ASSIGNED TASK = Copy out exactly the lines from the one containing "WAVEFORM BROOCH" to the last line of the records below, both included, and leave out any pictures.
======== SUPPLIED MATERIAL ========
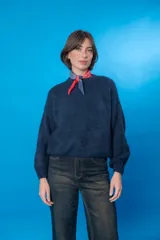 Sweater color beige de lana mohair y acrílico, con cuello redondo y mangas largas.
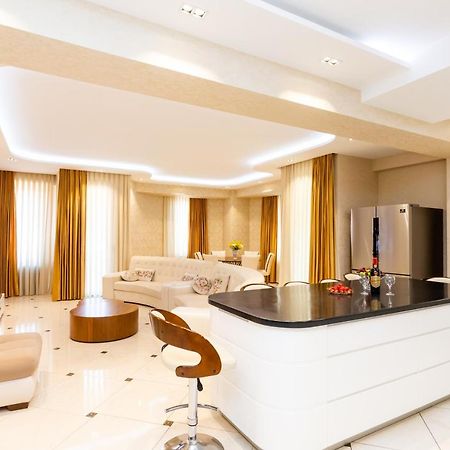 Central Cozy 3Bd-2Bath Apartment Tbilisi Esterno foto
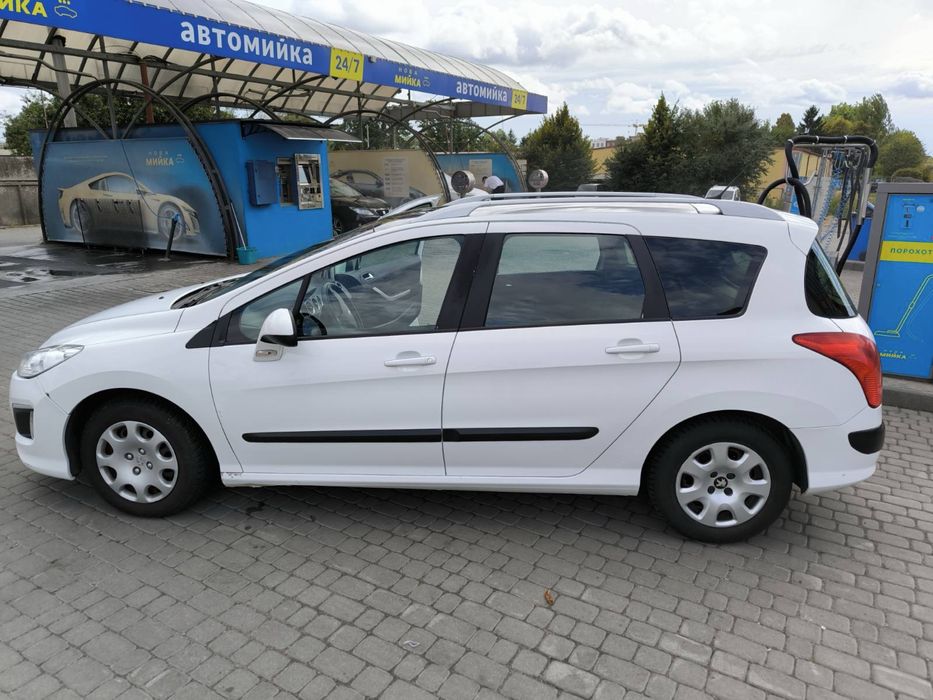 Економне сімейне авто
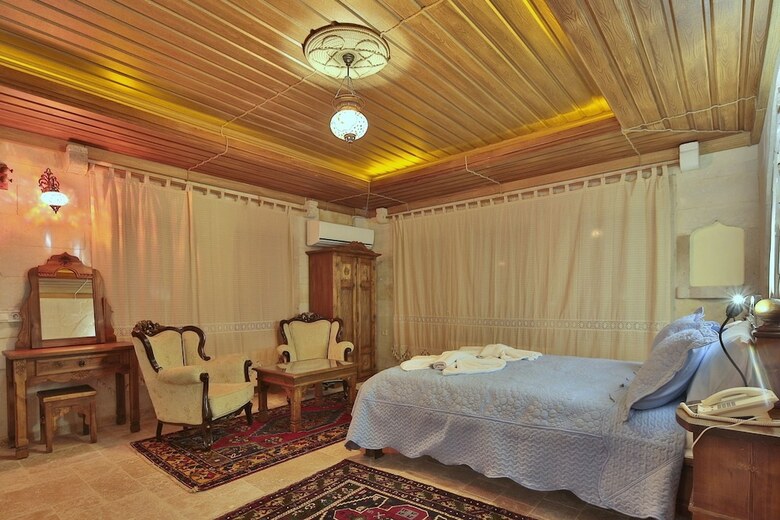 Hotel Shoestring Stone House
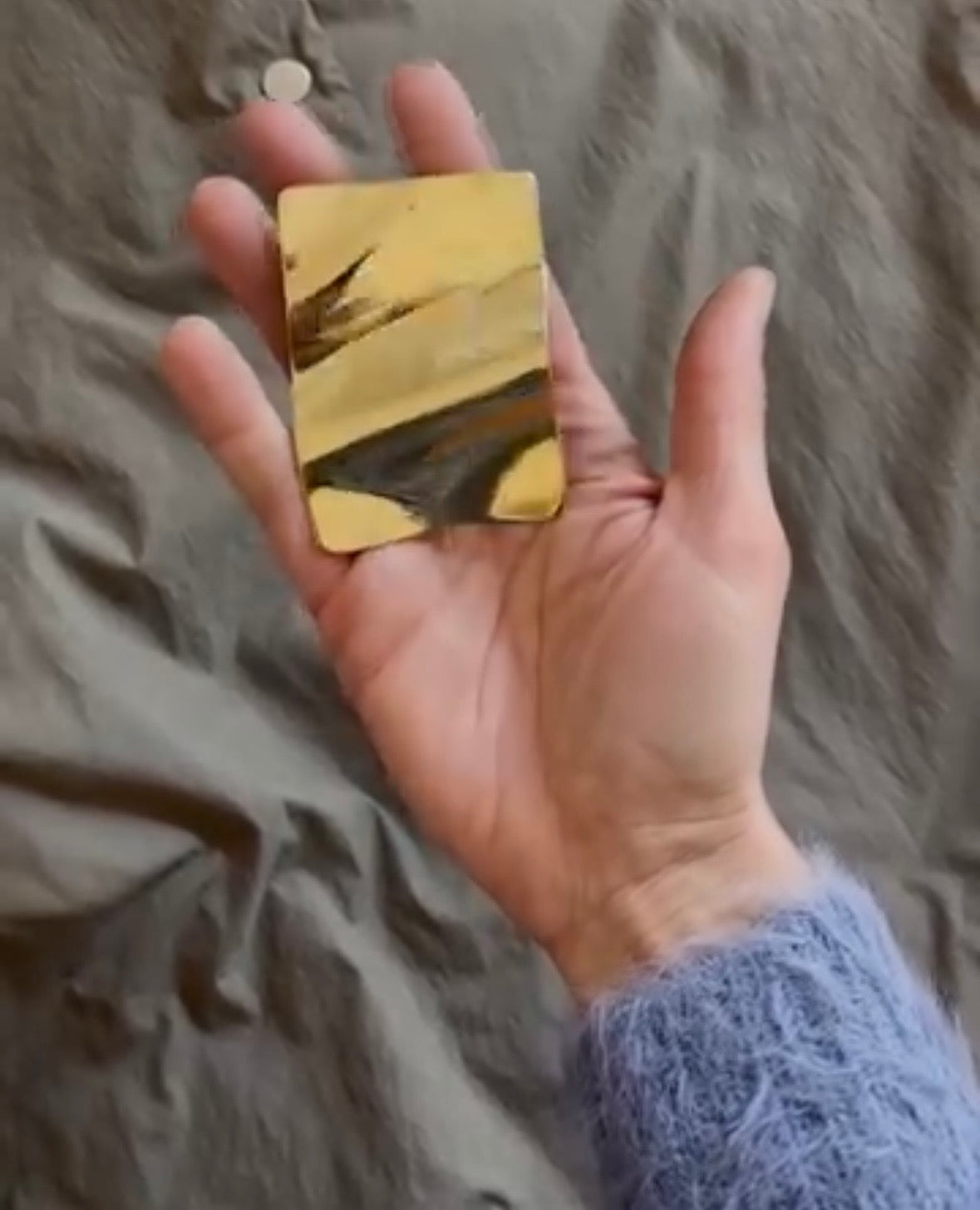 WAVEFORM BROOCH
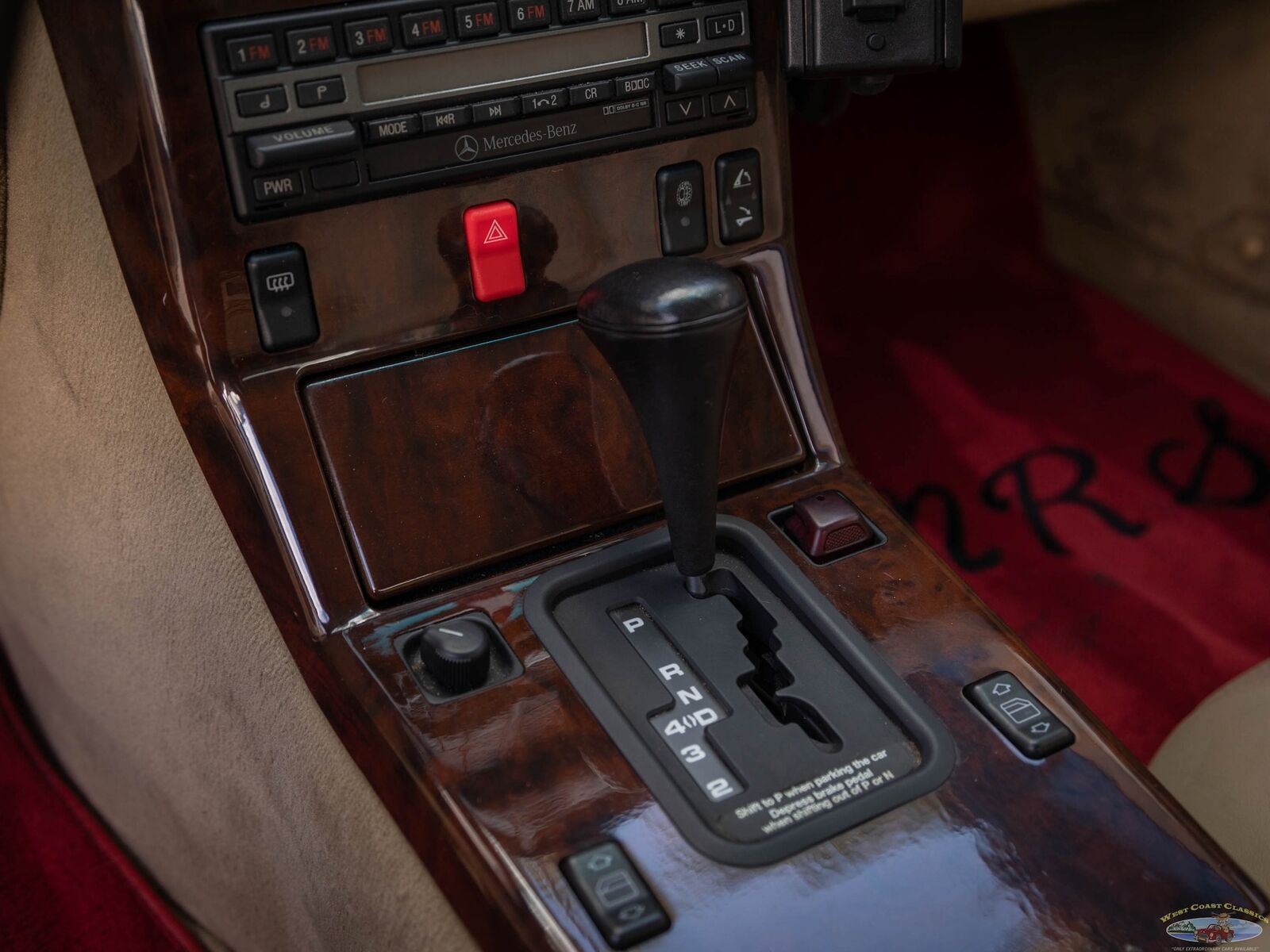 Mercedes-Benz-300-Series-1991-Convertible-37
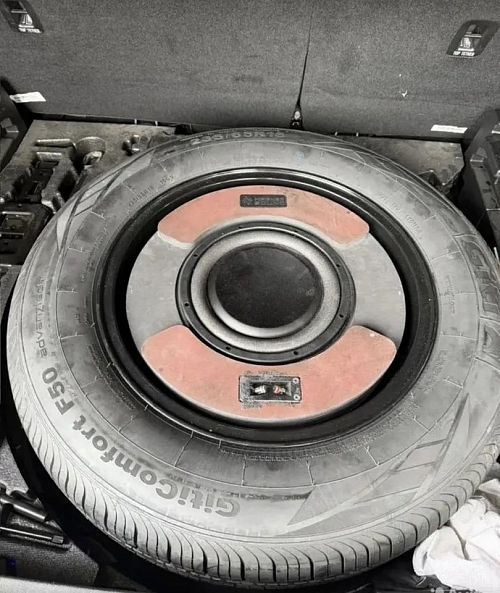 Сабвуфер стелс Haval Dargo 10" полный комплект "под ключ"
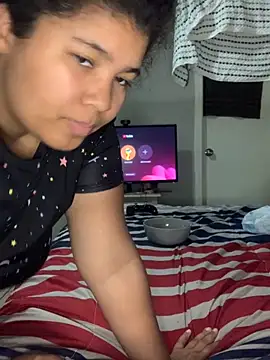 KittyLoroi online show from 29, 10, 2025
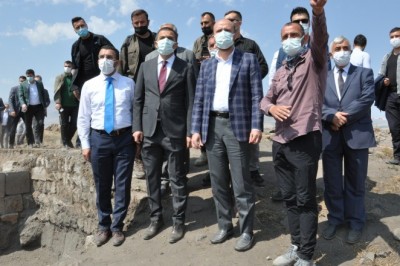 Bilal Erdoğan, Malazgirt Zaferi etkinlikleri öncesi Ani Ören Yeri’ni gezdi
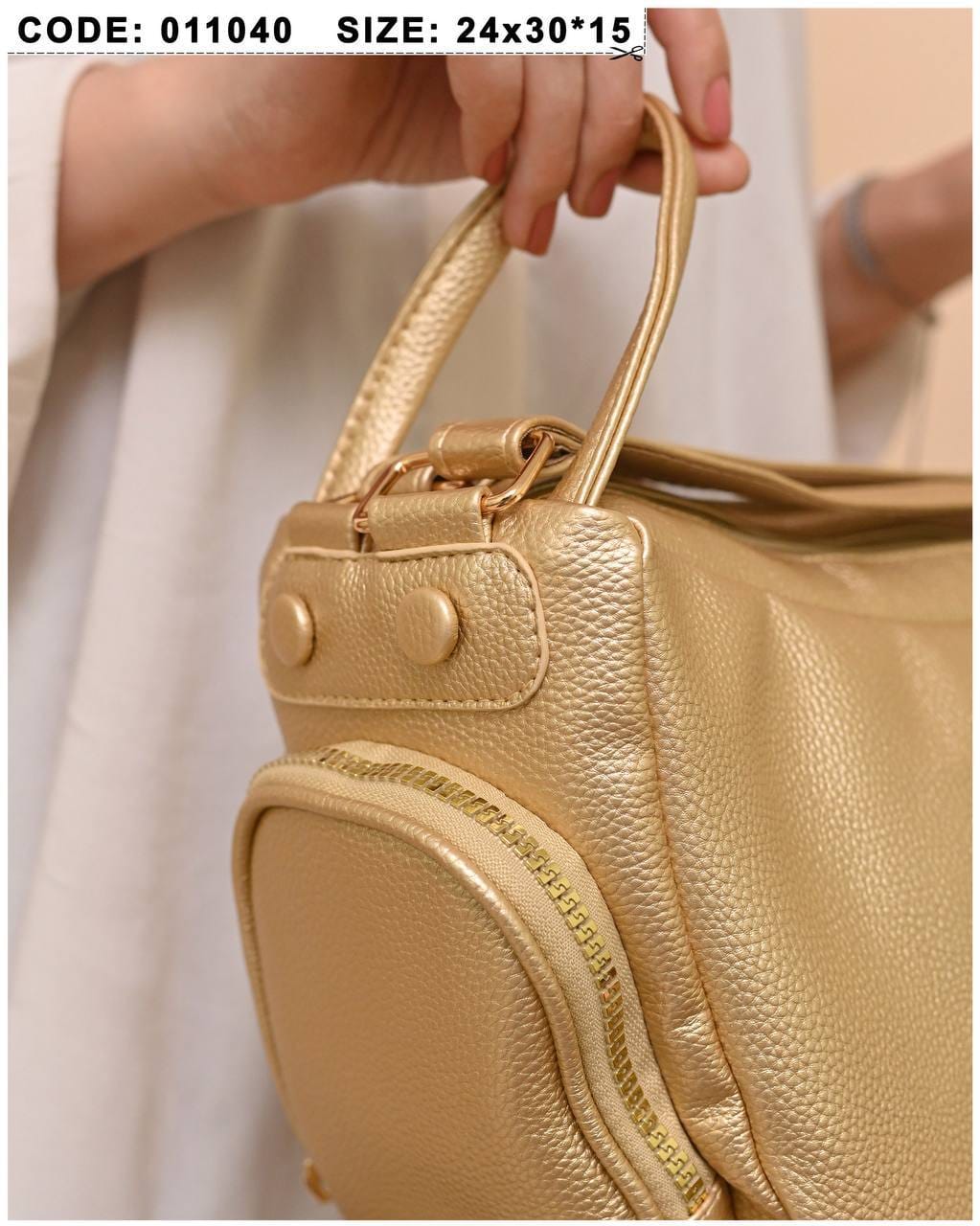 011040 — Gold side-pocket shoulder handbag detail, 24 × 30 × 15 (Gold)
========
SOLUTION TO THIS TASK =
 WAVEFORM BROOCH
 Mercedes-Benz-300-Series-1991-Convertible-37
 Сабвуфер стелс Haval Dargo 10" полный комплект "под ключ"
 KittyLoroi online show from 29, 10, 2025
 Bilal Erdoğan, Malazgirt Zaferi etkinlikleri öncesi Ani Ören Yeri’ni gezdi
 011040 — Gold side-pocket shoulder handbag detail, 24 × 30 × 15 (Gold)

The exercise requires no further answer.